# Merry Christmas



## Vanilla (Dec 11, 2009)

I wanted to take a moment and just wish everyone a merry Christmas.

We may have our differences, but in the end none of that really matters.

I wish each of you and yours a very merry Christmas and a safe and happy new year.


----------



## 3arabians (Dec 9, 2014)

Back at ya! Good job on finally hunting this year instead of just banking points and keeping this place lively. 


Sent from my iPhone using Tapatalk


----------



## CPAjeff (Dec 20, 2014)

Merry Christmas!


----------



## backcountry (May 19, 2016)

Merry Christmas folks. Opening stockings soon with our little girl. This will be the first Christmas shes able to understand and it brings new meaning to the day.

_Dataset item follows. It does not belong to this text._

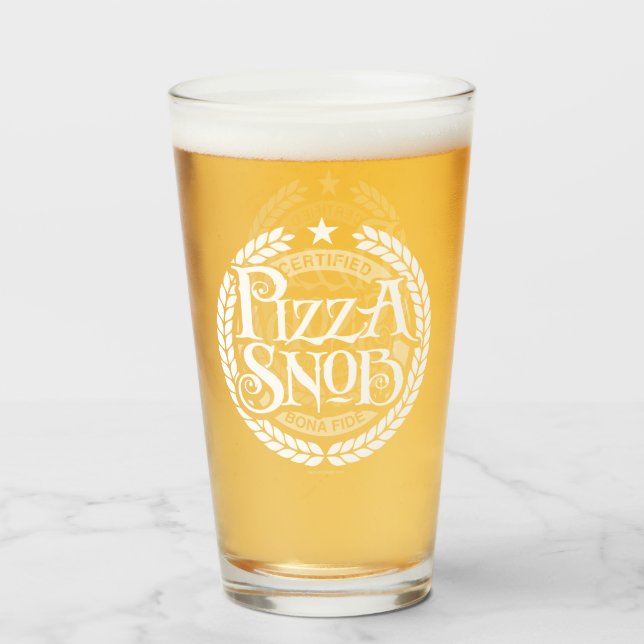Pizza Snob - lustig pizza älskare Glaskopp (Framsida fylld)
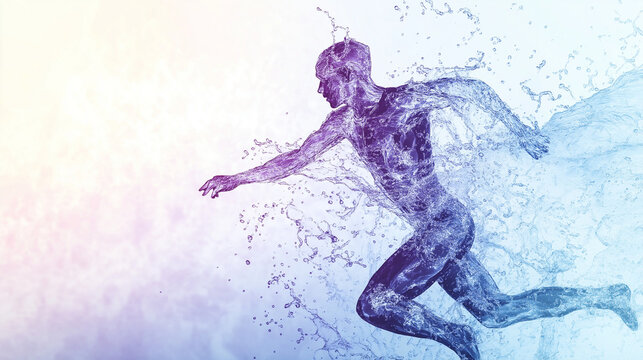 Water figure running across the ocean surface with splashes at sunset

Hope everyone enjoys the holidays with their loved ones.


----------



## Al Hansen (Sep 7, 2007)

Merry Christmas everyone !


----------



## colorcountrygunner (Oct 6, 2009)

Merry Christmas, everyone! $h!tter was full.


----------



## bthewilde (Feb 8, 2018)

Merriest of Christmas friends!


----------



## wyogoob (Sep 7, 2007)

Merry Christmas everyone!!


----------



## taxidermist (Sep 11, 2007)

A belated Merry Christmas back to all y'all! I think I may have had too much "Eggnog" Christmas Eve and lost a day somewhere. 😖


----------